There is some brilliance though. One example is a performance that takes an entry from J.O. Incandenza’s eight-page filmography, “The Joke”, which the novel describes as a film in which “video cameras in theater record the ‘film’s’ audience and project the resultant raster onto screen – the theater audience watching itself watch itself get the obvious ‘joke’ and become increasingly self-conscious and uncomfortable and hostile”. In the play, two actresses stand on stage in front a gigantic screen, each with a camera on a tripod, taking turns in framing different parts of the audience, sometimes in groups, sometimes in individual close-ups, and holding their image projected on screen for unnervingly long stretches. Hostility aside, the reactions were exactly as described and provided a great instance in which a supposedly unadaptable part of the novel, Wallace’s absurd concept of ‘après-gardist’ cinema, is given new life rather than just elaborately referenced (and also served as proof that two-finger bunny ears have yet to lose their novelty value amongst German adults).

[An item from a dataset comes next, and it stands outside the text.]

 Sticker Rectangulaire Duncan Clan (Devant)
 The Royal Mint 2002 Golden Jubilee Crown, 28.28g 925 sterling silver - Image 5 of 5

So, should one spend €50 and make this veritably huge effort? Some audience members had an ecstatic smile stamped on their face from beginning till end while others (including a few 24-hour-ticket holders) threw in the towel by the third location. Almost all, with more or less grace, fell asleep at some time or other (having a fifth of the audience collapsed in their chair fit aesthetically well at the AA meeting held at 5am, 19 hours in, but it also caused the largest exodus). Still, the large majority stuck it through and judging from the fatigued yet resiliently enthusiastic atmosphere, not simply out of principle either. It’s a crazy experience, ridiculously demanding in terms of stamina, at times deeply absorbing, at times extremely trying if not exasperating, and yet, despite a general penchant for form over content, in its flawless execution and palpable devotion to Wallace’s novel, it’s doubtful that anyone with a love for demanding art will be left wholly unsatisfied.